The trouble is that our selfishness and desire for control keep getting in the way of God’s plan. God created a beautiful world for everyone, but we get so carried away with possessions and convenience that we destroy creation with thoughtless consumption and wasteful living. God gives us a world with plenty for everyone, but we concentrate wealth and resources while the vulnerable starve. God keeps trying to get us to change our ways, but we have not.
To bring the peaceful kingdom into existence, God has to defeat the forces that stand in the way. The power of God’s redeeming word rides out to break down the lying words of our world that claim some people are better than others, that some deserve to suffer, that there is not enough for everyone.
To bring the peaceful, blessed kingdom to earth, God defeats the evil powers of the world, including the evil powers inside us. When God shows us this vision of a final judgment it reminds us that our choices, our actions have consequences. It’s not about rules and requirements; it’s about living our calling and responsibility in the world. God calls us to love each other, so at the last judgment we will be faced with how we have responded to that calling.
In the end we will stand before Christ on the throne. The book of our lives will be open and so will the book of life. We will stand before Jesus and account for our lives.
How are you doing? This is not about guilt trips or inadequacy or pride or fear. We’ve been given an amazing gift: the chance to be part of the beautiful kingdom God is bringing into the world. Each day, each interaction with someone else is a chance to be part of God’s kingdom. How is your life contributing to that kingdom? How are your actions blocking God’s kingdom?
Jesus is on the throne. He knows us inside and out. He knows our secrets, our struggles and our shame. And God loves us no matter what. We can cover it up all we want, but when the dead are raised and the books are open we will have to face how we have used this life. One day we will each be judged and evil will be defeated.
On the other side of that judgment is a beautiful city, a new creation of love and peace and justice. God doesn’t need us to build that kingdom, but she invites us to be part of it. We catch glimpses of that kingdom even now. We see it when we hold an infant and think only about that new life. We see it when we take the time to listen to someone’s story. We see it when we open ourselves up in prayer.

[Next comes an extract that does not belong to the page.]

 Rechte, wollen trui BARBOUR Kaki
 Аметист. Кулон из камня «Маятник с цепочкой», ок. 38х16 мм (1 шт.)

We feel God’s peaceful kingdom in simple moments. In a meal shared with friends and family when we rest in the joy of relationships without worrying about the future. We feel it in the kiss of the sunshine on our face and the comfort of a beloved pet. We taste the kingdom in a favorite song or painting or a run along the river, in a hug from a friend, or a hot cup of coffee shared with a spouse.
God invites to use those moments to lead us forward. God invites us to throw off the chains of selfishness and fear. We may not see God’s kingdom arrive completely in this life, but the more we commit to God’s love today, the more we will live in that kingdom even now. See the kingdom, and let your life be a part of building it each day.
Thanks be to God.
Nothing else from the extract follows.